Requirement:
What you should end up with is an exact copy of the lines from the one holding "20140126Gold周線圖 20140126Gold周線圖" through the last line of the entries below, both included, and nothing else; leave every picture out.

Supplied entries:
______

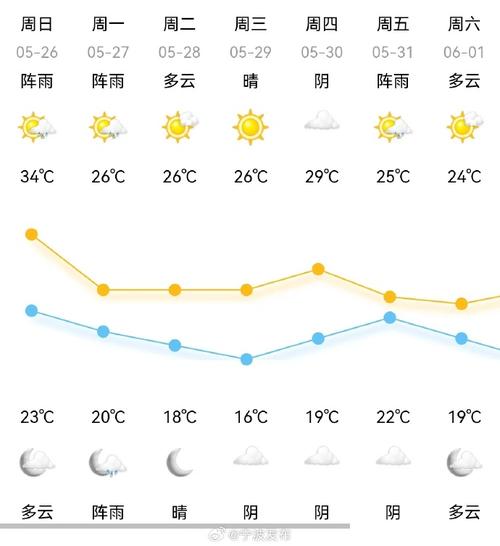 余姚天气预报，余姚天气预报15天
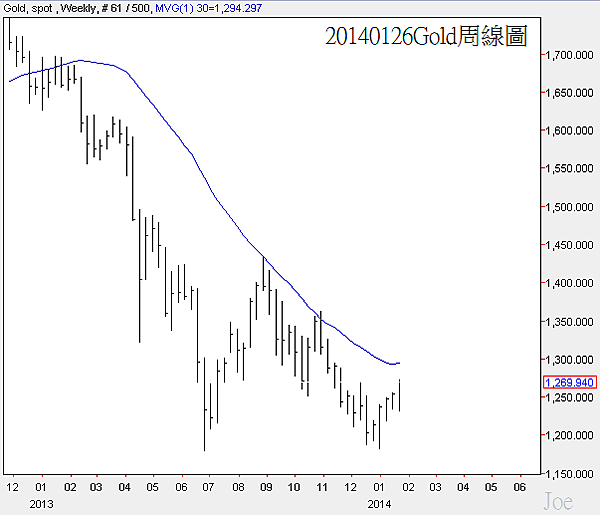 20140126Gold周線圖 20140126Gold周線圖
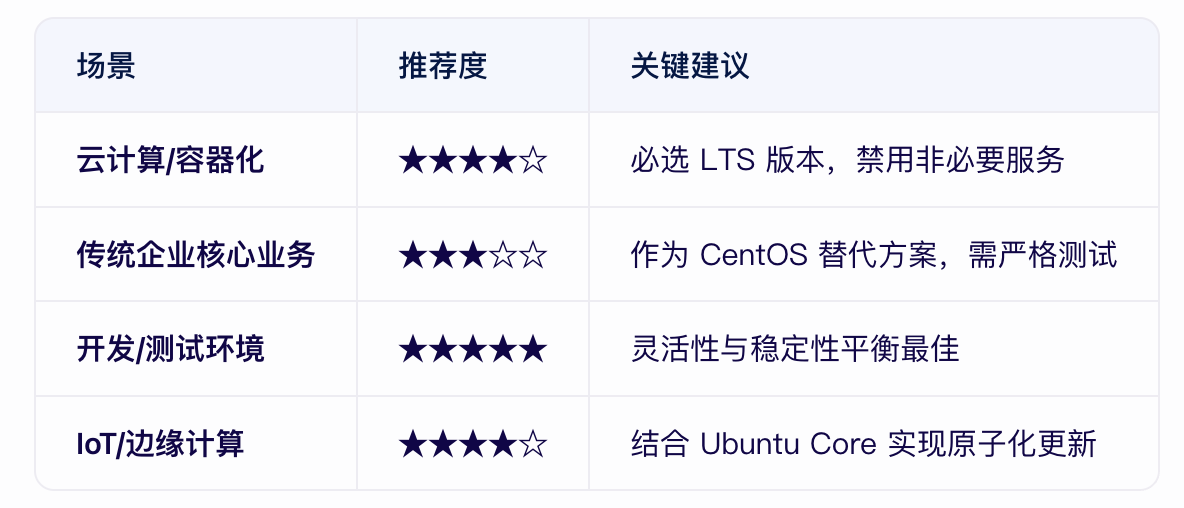 ubuntu做服務器穩(wěn)定嗎？-1.png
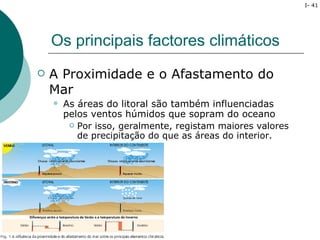 I- 41




    Os principais factores climáticos
   A Proximidade e o Afastamento do
    Mar
       As áreas do litoral são também influenciadas
        pelos ventos húmidos que sopram do oceano
          Por isso, geralmente, registam maiores valores
           de precipitação do que as áreas do interior.
 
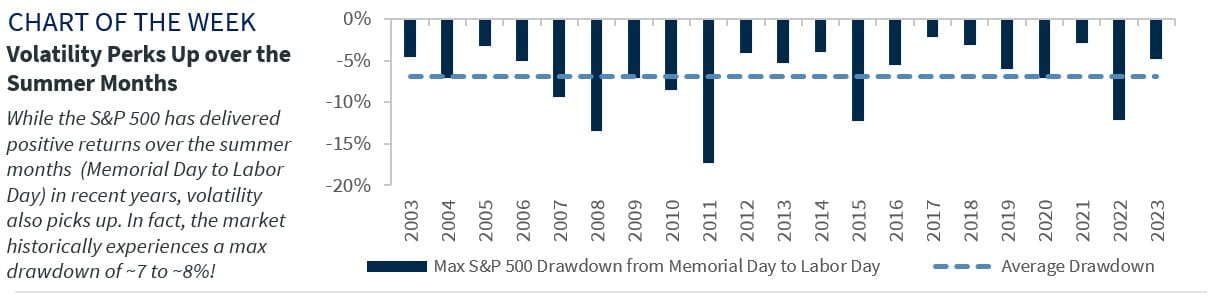 Volatility Perks Up over the Summer Months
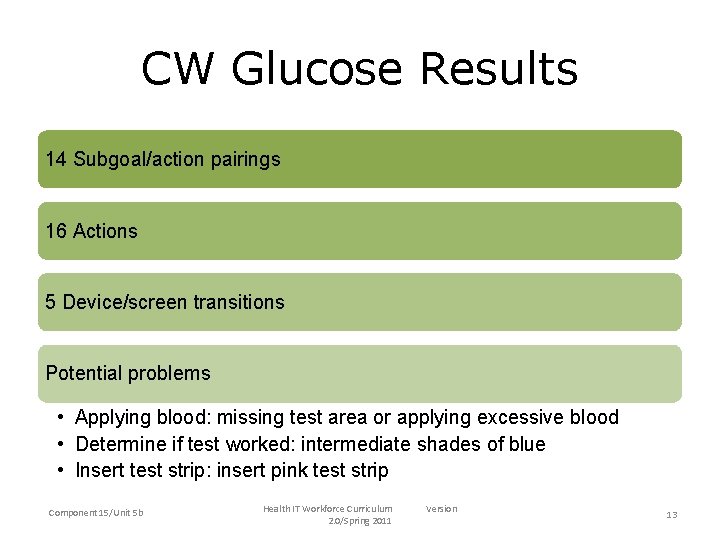 CW Glucose Results • 14 14 Subgoal/action pairings • 16 Actions • 5 Device/screen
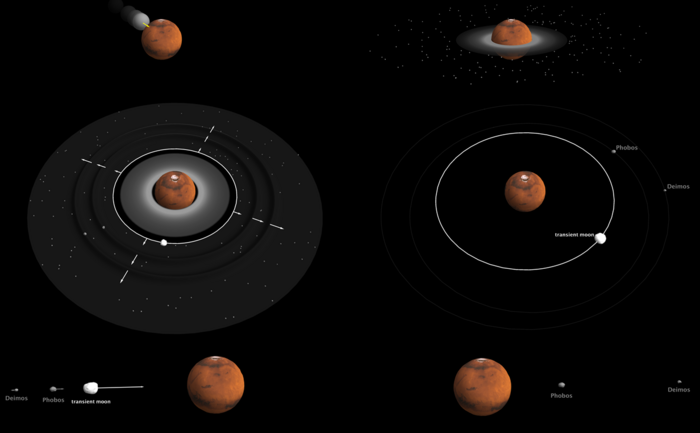 Grafische Darstellung der Entwicklung des Mondsystems des Planeten Mars.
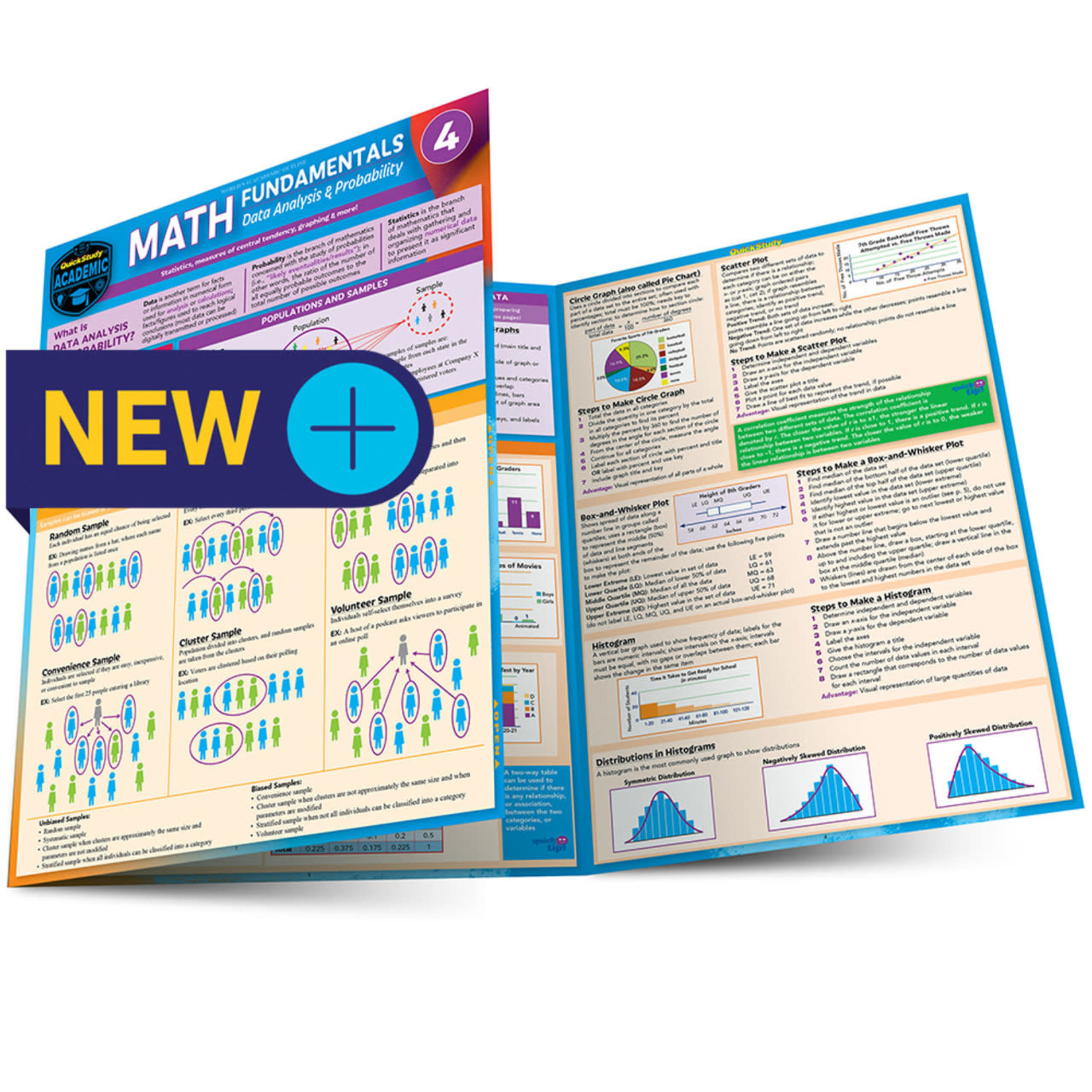 BAR CHARTS QuickStudy: Math Fundamentals 4 Laminated Study Guide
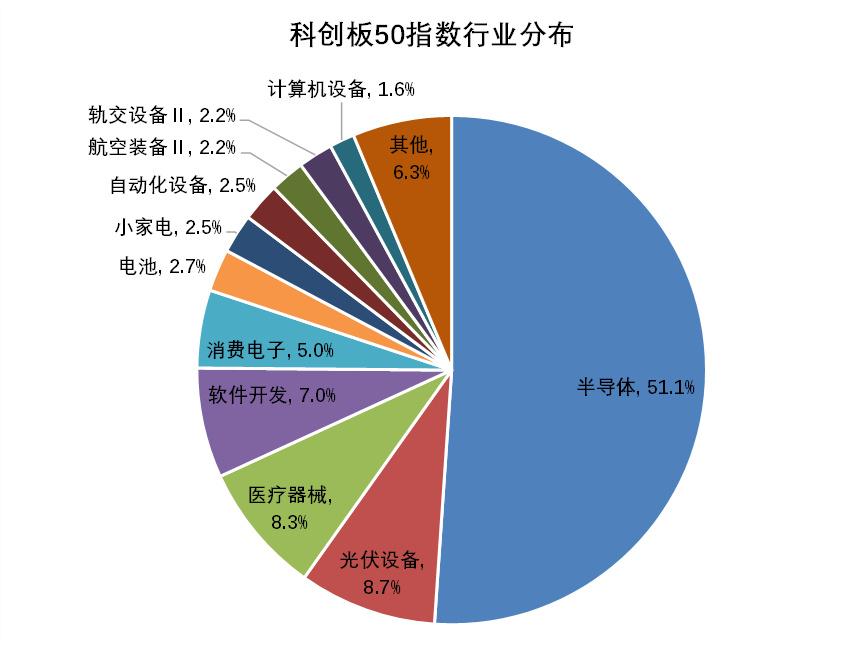 新华社权威快报丨我国卫星导航产业产值达5758亿元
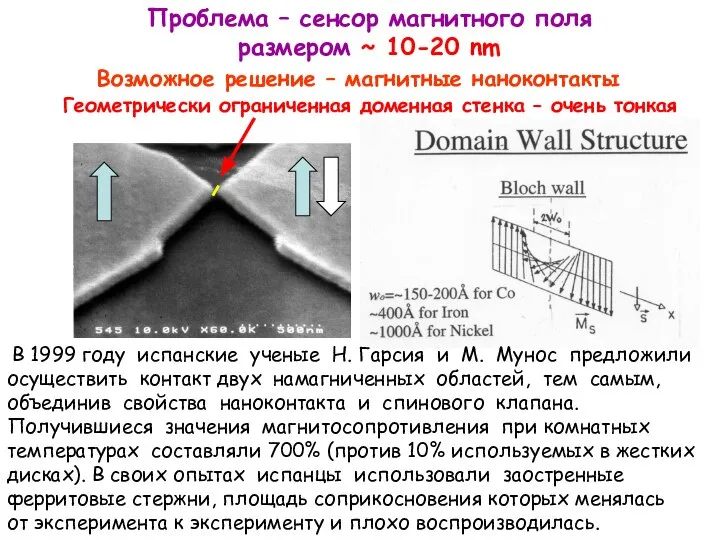 Проблема – сенсор магнитного поля размером ~ 10-20 nm Возможное решение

______

Output:
 20140126Gold周線圖 20140126Gold周線圖
 ubuntu做服務器穩(wěn)定嗎？-1.png
 I- 41




    Os principais factores climáticos
   A Proximidade e o Afastamento do
    Mar
       As áreas do litoral são também influenciadas
        pelos ventos húmidos que sopram do oceano
          Por isso, geralmente, registam maiores valores
           de precipitação do que as áreas do interior.
 
 Volatility Perks Up over the Summer Months
 CW Glucose Results • 14 14 Subgoal/action pairings • 16 Actions • 5 Device/screen
 Grafische Darstellung der Entwicklung des Mondsystems des Planeten Mars.
 BAR CHARTS QuickStudy: Math Fundamentals 4 Laminated Study Guide
 新华社权威快报丨我国卫星导航产业产值达5758亿元
 Проблема – сенсор магнитного поля размером ~ 10-20 nm Возможное решение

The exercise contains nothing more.